In 1932, Hampden-Sydney College hired Prof. Francis Ghigo (1908-1983), a 1929 graduate of Davidson College, to run the Spanish Department. But he was also interested in golf, so he organized a golf team in 1934. H-SC did not have its own golf course, so Coach Ghigo made arrangements to use the 9-hole course at Farmville Lake for training and the Boonesboro course near Lynchburg as their home course. That first season, the H-SC golf team played intercollegiate matches against the University of Richmond, Davidson, N.C. State, Wake Forest, W&L and VPI. They won only one of those matches but it was a significant one — VPI.
When the Farmville Lake course closed in 1940, H-SC used the Longwood Golf Course for practice and stuck with Boonesboro as its home course. While at H-SC, Prof. Ghigo completed his MS and Ph.D. at UNC. In 1959, after 27 years at H-SC, Dr. Ghigo resigned and returned to Davidson, where he taught for another 15 years, retiring in 1974.
The golf program languished even before Coach Ghigo left, mostly because travel was curtailed during WWII, but it was subsequently taken over in 1960 and revitalized by Coach Bob Thalman, who was also the football coach. When Briery Country Club opened in Keysville in 1959, H-SC began using it as their home course.

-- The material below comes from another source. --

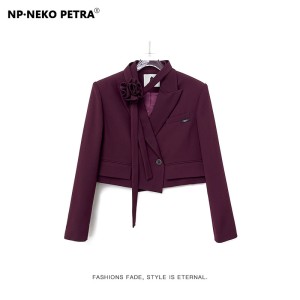 Neko Petra法式安可拉红色时尚套装女春秋马甲阔腿裤小西装三件套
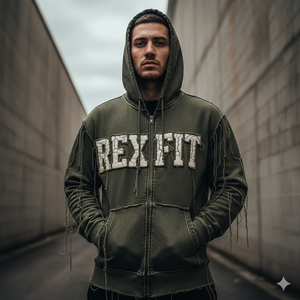 เสื้อฮู้ดซิปผู้ชาย Rexfit Sports พร้อมลายปักแบบดิสเทรส |   เสื้อสเวตเชิ้ตมีฮู้ดผ้าฟลีซพรีเมียม |   เสื้อผ้าสตรีทแวร์ประจำวัน ดีที่สุดสำหรับฤดูหนาว - Product Image 1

H-SC has never had a golf course, but it did have a golf driving range beginning in the 1980s. The range was dedicated Oct. 6, 1990, in honor of Lt. Col. Gustav H. Franke (1916-2002), math professor and golf coach at the college from 1964 to 1981. One of the professors who lived across the road from the driving range complained to Weenie Miller, the Athletic Director at that time, that he was finding golf balls on his lawn and was afraid of being hit in the head. Wennie’s immediate reply was, “Jack Nicholas couldn’t do it!” Quick as a wink, the professor replied, “You’re right, because Jack Nicholas knows what he’s doing.” A new lacrosse/soccer practice field eventually replaced the Gus Franke driving range.
NB: To say the least, the Dunningtons of Poplar Hill were friends of H-SC. J.W. Dunnington and his two brothers, Walter G. Dunnington Jr., and John H. Dunnington, all entered H-SC as freshmen in 1908. Moreover, his grandfather, Capt. John H. Knight, and his uncle, Gen. John T. Knight (1861-1930; H-SC 1880), were also H-SC men. In addition both he and his father, Walter G. Dunnington Sr., served on the board of trustees of H-SC. This no doubt made it easier for Coach Ghigo to negotiate favorable treatment for the H-SC Tigers Golf Team at the Farmville Lake course.